Australian banana grower benefiting from farming simplicity

While many growers are looking towards new high-tech innovations to improve their farming methods, a banana grower from North Queensland has benefited from the simplicity of a traditional cableway system.

Peter Inderbitzen, from Swiss Farms in Lakeland in North Queensland, told fellow growers that he got the idea from South America, where Australia's yearly volume is grown in a week. The cableway system runs between single rows of plants, and means that bunches are not touched from picking until they reach the packing shed.

"I thought, we'd better go over there and see what these farmers are doing," he said. "After coming back, it was a hard decision, because no-one here was really doing it, and nobody was in favour of it. We have different wages here; almost ten times the wages here compared to there, so they tend to have a few more people. This is not something that has to do with me and design - it is a system out of Colombia, and we have introduced it."

Initially a mechanic and dairy farmer, Mr Inderbitzen made the switch to banana growing 33 years ago. He says other advantages include that the cable is in close proximity and easily accessible for the pickers, and there is less damage in the field caused by tractors and machinery on wet days.

While the cableway, estimated to have cost around $2,000 per hectare, has largely benefited his business, he admits there are a few factors that other growers need to consider when introducing a similar system.

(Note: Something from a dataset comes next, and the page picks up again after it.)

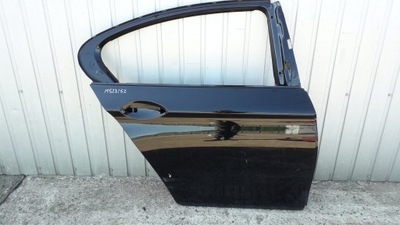 Bmw 5 f10 10- sedan двері правий задня фото №1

"The disadvantage with the cableway is that you have to re-plant," Mr Inderbitzen said. "The cable goes in between a double row for protection, so you can bag on both sides, and it does not get destroyed by a tractor. But after you put this system in and do everything in a way that they were doing it over there, you don't ever need to re-plant. That got me enthusiastic. We've re-planted half of one farm, and we are continuing to do so as we need to re-plant. I have to say, to the detriment of others in the industry, we made some money when a major cyclone struck a few years ago. We reinvested that money to make things better on the farm. The option of knowing we don't have to plant so often, that's great too. We went to 1,800 plants to the hectare, but dropped back to 1,600."

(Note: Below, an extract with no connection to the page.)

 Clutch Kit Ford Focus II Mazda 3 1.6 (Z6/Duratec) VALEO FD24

Another part of the business that has Mr Inderbitzen excited is his Next-Gen compost, which has been a key part of his farming over the past 15 years, helping him to revolutionise his farm, save water, save money and achieve better yields. Setting up Shark Recyclers at nearby Biboohra he only transports what he uses to the farm, and in return sends his banana waste and storks back for composting.

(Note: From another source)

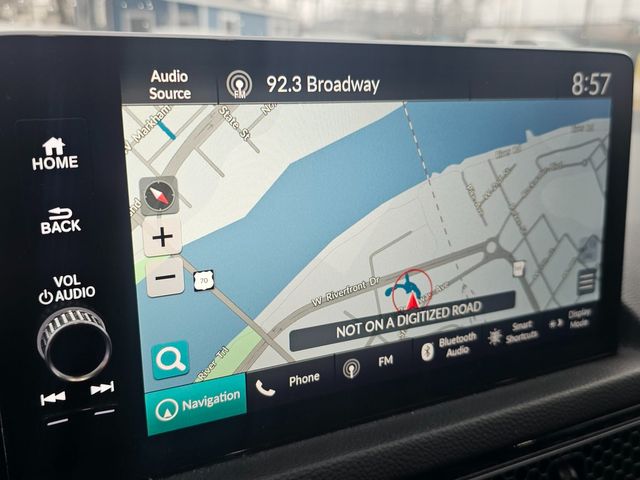 2024 Honda Civic Sport Touring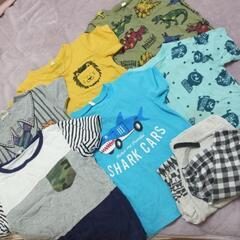 110cm春夏セットの画像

"Watering is critical otherwise it gets too dry," he said. "We make about 30,000 tonnes, and in every 100 tonne of compost, there's 1.6 tonne of nitrogen, 500kg of phosphorus and one tonne of potassium. The main input is the green waste from local council, and manures from surrounding areas. Landfill is not the answer, it costs a lot of money, and if we could work towards zero landfill that would be fantastic."

He adds that there are many environmental factors too, especially with both levels of government focusing on nutrient sediment runoff, pointing out that compost will go a long way to combating this problem.

"Compost in my opinion is a no-brainer," Mr Inderbitzen said. "We have increased our organic matter by 7.4 per cent; 1.6 per cent organic matter equals 1 per cent organic carbon. That means a rise of 4.8 per cent. Every one per cent rise in organic carbon on our land means an extra 140,000 litres of water. If you work that out, we are storing an extra 644,000 of water per hectare. That may not seem much at first, but it is substantial. The results are that we have reduced irrigation time from seven days to five days. So, the two important things are that we use 60 per cent less chemical fertiliser, and we have increased our yield. At the end of the day there is improved shelf-life, better tasting fruit, and a healthier banana to eat."